When selecting a gold nanoparticle supplier, it’s important to take into account a number of criteria including size distribution, aggregation state, concentration, and stability. These are discussed in more detail in the following section.

Synthesis of Gold Colloid

At Fortis Life Sciences, gold nanoparticles are fabricated in solution by reducing chloroauric acid (HAuCl₄) in the presence of a variety of other chemical reagents that can be used to tune gold nanoparticle size, shape, and surface capping agent. The first step in the reaction is the precipitation of gold ions into very small particles known as "seed" nanoparticles. These seed nanoparticles then act as nucleation sites as the remaining gold ions undergo reduction, and the nanoparticles grow until the gold ions or reducing agent is depleted. By optimizing the reaction kinetics and stoichiometric ratios of gold ions and other reagents, monodisperse gold nanoparticles ranging from 5 – 250 nm can be fabricated. Two of the most famous descriptions a of these types of reactions are journal articles written by Frens¹ and Turkevich², and are excellent resources for those interested in learning more about these types of reactions. Other non-solution based methods of producing gold nanoparticles such as exploding wire or laser ablation are also utilized, however these methods produce polydisperse material with broad size distributions.

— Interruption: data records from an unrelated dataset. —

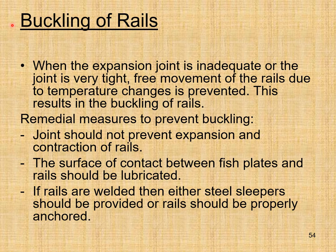Buckling of rails: when the expansion joint is inadequate or the joint is very tight, free movement of rails due to temperature changes is prevented, resulting in buckling. Remedial measures: the joint should not prevent expansion and contraction of rails, the contact surface between fish plates and rails should be lubricated, and if rails are welded then either steel sleepers should be provided or rails should be properly anchored.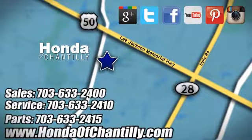Honda of Chantilly. We're conveniently located just south of Dulles Airport at 4175 Stonecroft Boulevard in Chantilly.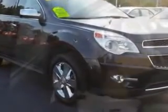Enjoy this great SUV with features like leather upholstery, heated seats, dual power seats, chrome wheels, anti-lock braking system, and satellite radio.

Gold Colloid Size Distribution

Colloidal gold nanoparticles can be produced with a very narrow size distribution. Fortis Life Sciences colloidal gold nanoparticles can achieve CVs (a measure of the standard deviation/diameter) of 8-15% for all of its colloidal formulations within the 5 nm – 100 nm size range. Figure 1 shows transmission electron microscopy (TEM) images of Fortis Life Sciences gold nanoparticles across a range of sizes. The narrow size distributions are preferable for almost all applications, as gold nanoparticles have size dependent diffusion rates, optical properties, conductivities, and electron densities.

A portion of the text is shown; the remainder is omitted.